Previously, I use to work for a small internet company that sells dental plans online. Our primary focus concerning disaster prevention and recovery is on our corporate website and private intranet site. We had a multiphase disaster recovery plan that includes data redundancy, load balancing, and off-site monitoring.
Data redundancy is a key aspect of our disaster recovery plan. The first phase of this is to replicate our data to multiple database servers and schedule daily backups of the databases that are stored off site. The next phase is the file replication of data amongst our web servers that are also backed up daily by our collocation. In addition to the files located on the server, files are also stored locally on development machines, and again backed up using version control software.
Load balancing is another key aspect of our disaster recovery plan. Load balancing offers many benefits for our system, better performance, load distribution and increased availability. With our servers behind a load balancer our system has the ability to accept multiple requests simultaneously because the load is split between multiple servers. Plus if one server is slow or experiencing a failure the traffic is diverted amongst the other servers connected to the load balancer allowing the server to get back online.
The final key to our disaster recovery plan is off-site monitoring that notifies all IT staff of any outages or errors on the main website encountered by the monitor.
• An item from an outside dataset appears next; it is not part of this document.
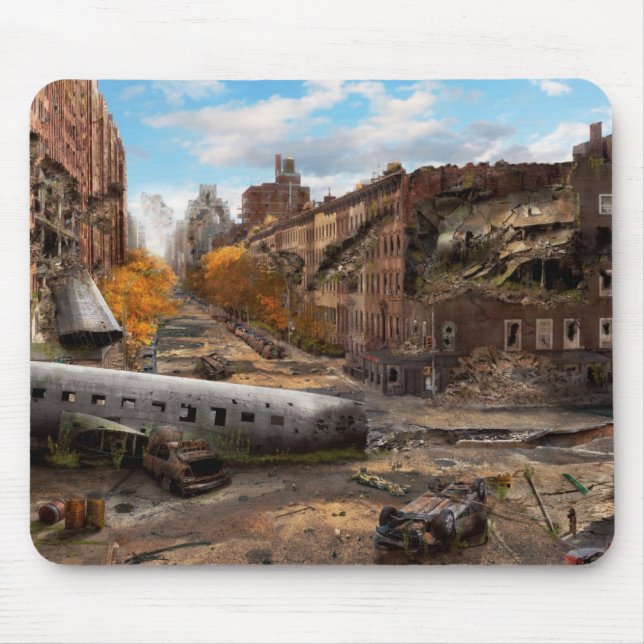 Mousepad Desastre - Nova York, NY - Proibida a conversão à  (Frente)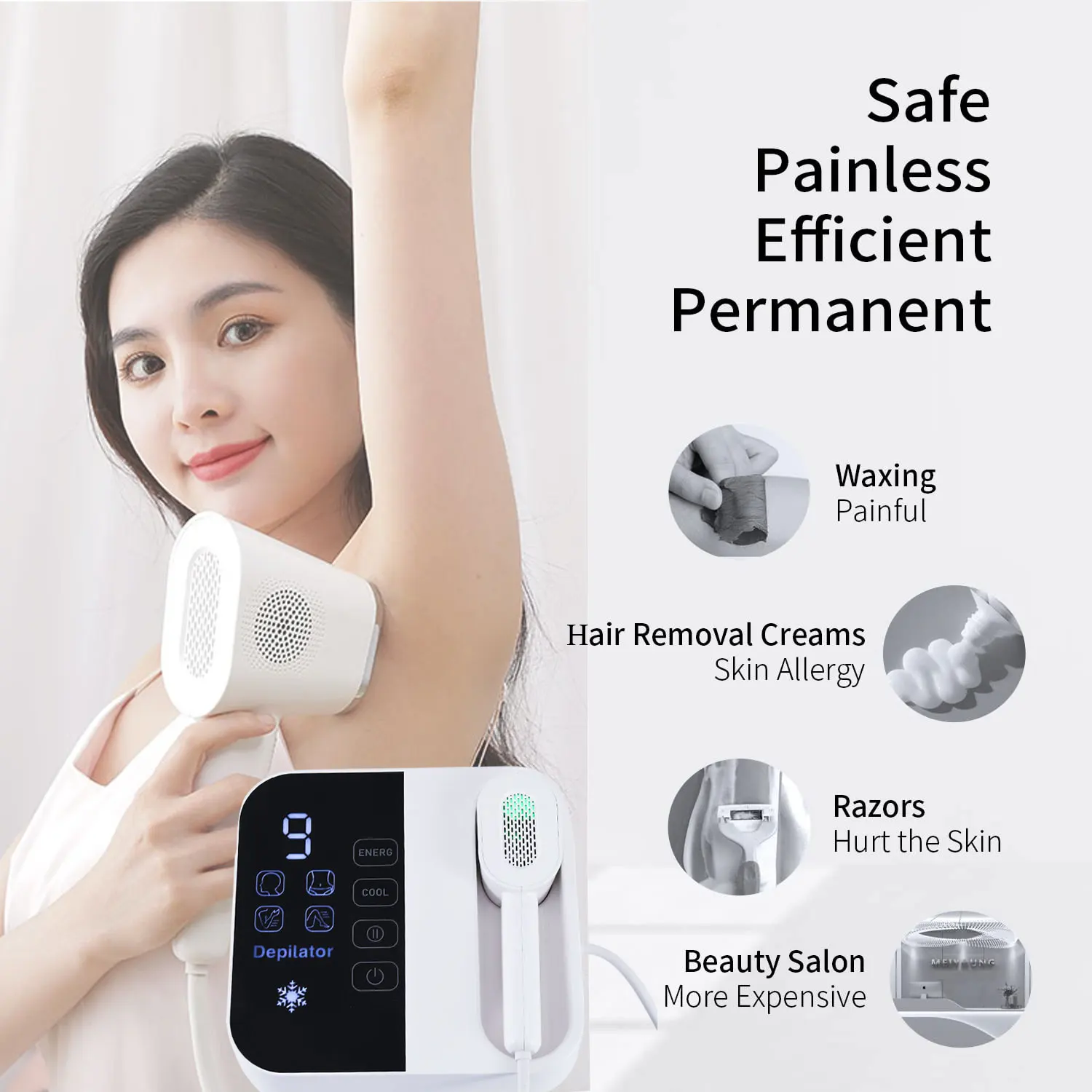 Oem High Quality Body Hair Removal Hair Removal Machine Machine IPL Painless Epilator Instrument Device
Messages are sent by email, voicemail, and SMS.
According to Disasterrecovery.org, disaster recovery planning is the way companies successfully manage crises with minimal cost and effort and maximum speed compared to others that are forced to make decision out of desperation when disasters occur.
In addition Sun Guard stated in 2009 that the first step in disaster recovery planning is to analyze company risks and factor in fixed costs for things like hardware, software, staffing and utilities, as well as indirect costs, such as floor space, power protection, physical and information security, and management. Also availability requirements need to be determined per application and system as well as the strategies for recovery.